I’m not interested in promoting one or the other, and I genuinely don’t mean any offense by this, but I think your clear passion over the issue is introducing bias into your comparisons of the benefits and drawbacks and preventing you from taking a proper objective stance.
Maybe I’m just reading you wrong, but what comes across overwhelmingly from yours and some of the other posts here is simple resistance to change(no pun intended).

I’m sure it has a lot to do with what you’re accustomed to. The grating part is the seeming universal presumption that paper dollars are inherently outdated and inconvenient. That it’s plain ole American stubbornness allowing them to remain in their iconic state. Fact is, that’s not true.
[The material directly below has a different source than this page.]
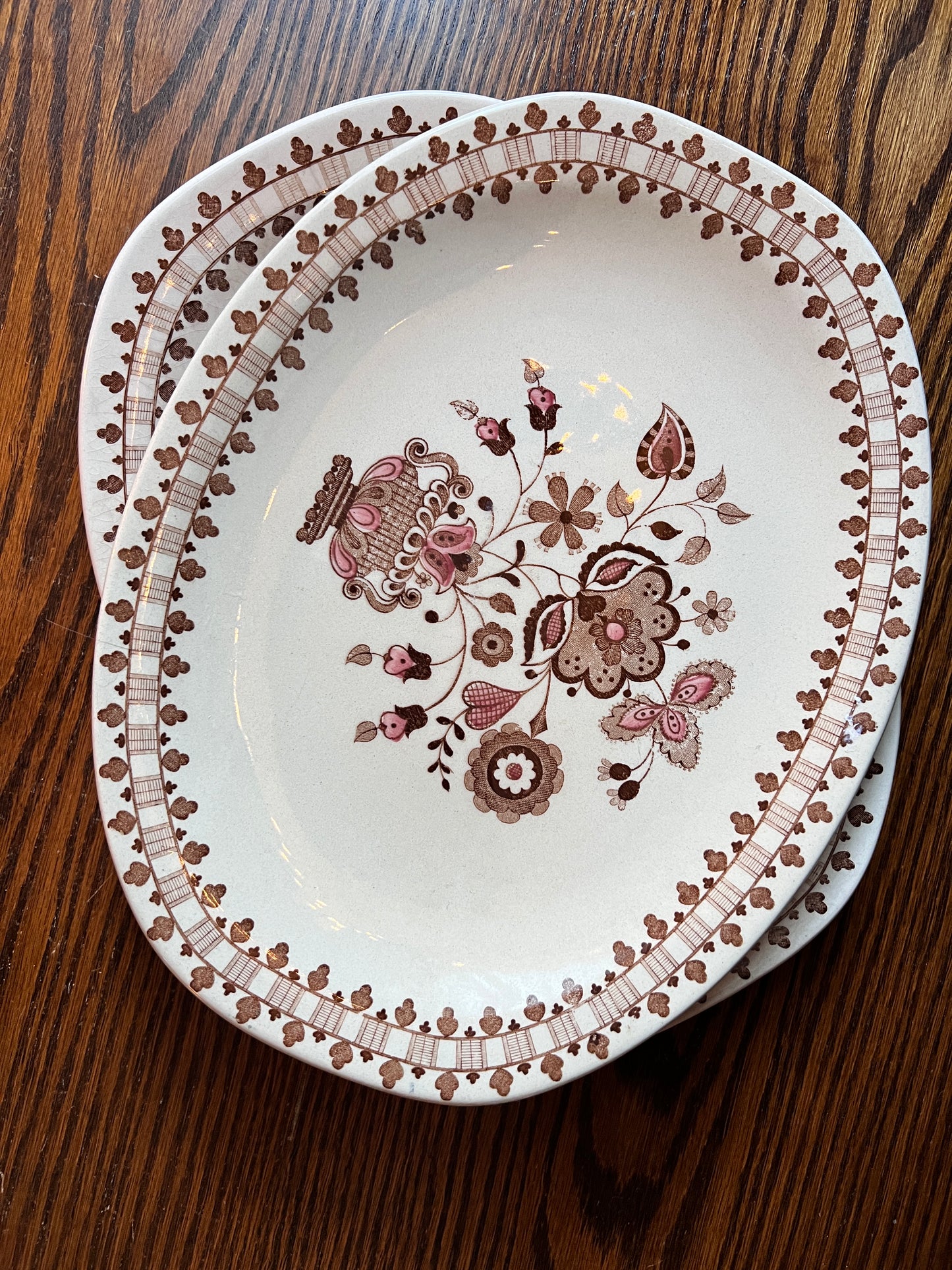 The Jamestown Tableware Set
To use your example: For that £7.49 purchase, you’ll likely reach into your wallet to grab a 5 pound note, put away your wallet and then grab 3 pound coins. 3 motions.

The typical American would pay for something that cost $7.49 by reaching into their wallet and pulling out a 5 dollar bill and 3 one dollar bills. 1 motion.
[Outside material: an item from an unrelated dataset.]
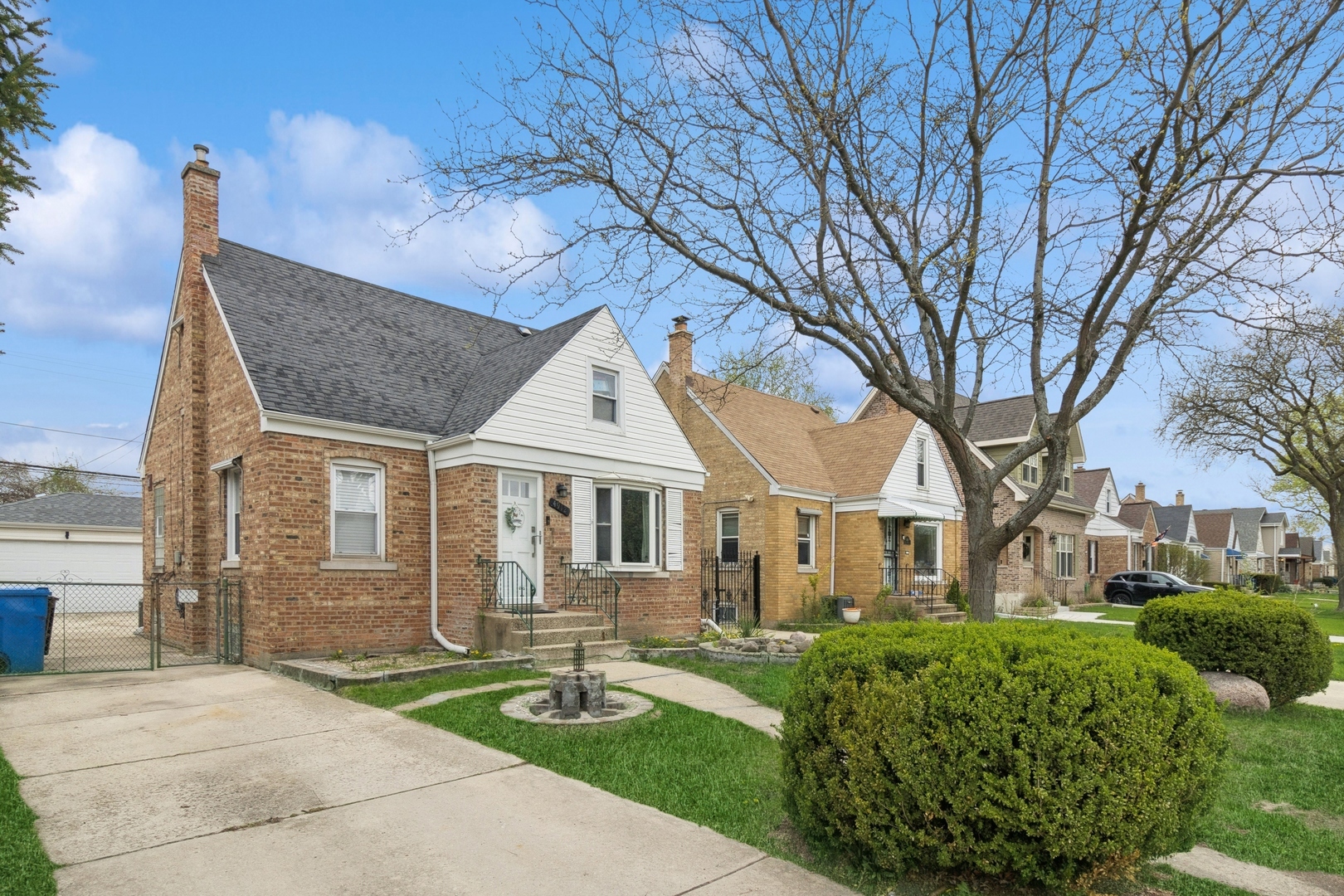 Property Photo: 4912 N Mulligan Avenue IL 60630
Adding dollar coins would be seen as a nuisance to us. If you’re accustomed to it, great for you, but don’t act like we’re going about things the hard way out of stubbornness when it’s far from clear that coins are advantageous.

In many cases, I might have enough coins in my pocket to pay for a £7.49 transaction without the wallet (because the coins in my pocket can be worth more when they are bigger denmoninations, so it could still be 1 motion.

But anyway, so what? It’s not as if you have to climb naked across razor wire to do it either way; even the most inconvenient scenario you can concoct is still trivial and laughably disproportional to the amount of fuss and complaint made about it.

I’d need a pretty strong argument to convince me they aren’t. “The change between the cushions of the couch” is a pretty universal adage. Coins bounce and roll. Coins are hard to see from a distance. Things fall out of front pockets when you sit, very few things fall out of a billfold. The only time bills are lost is when you pull too many out of the wallet by accident and drop it, the same can be said of rooting for a handful of change.

I’m using a bit of dramatic license here. I’m not overly passionate about it, but I do think I’m right and in the spirit of the SDMB I’ll debate it to death. :wink:

As it applies to the color of bills, I tend to agree. It’s largely resistance to change and a certain fondness for the iconography the green American dollar holds. I’m not convinced there’s a rash of people, tourists aside, having trouble distinguishing bills for lack of color contrast.

As it applies to coins and oddly shaped money, not so much. I think it’s a pretty well founded argument to resist those.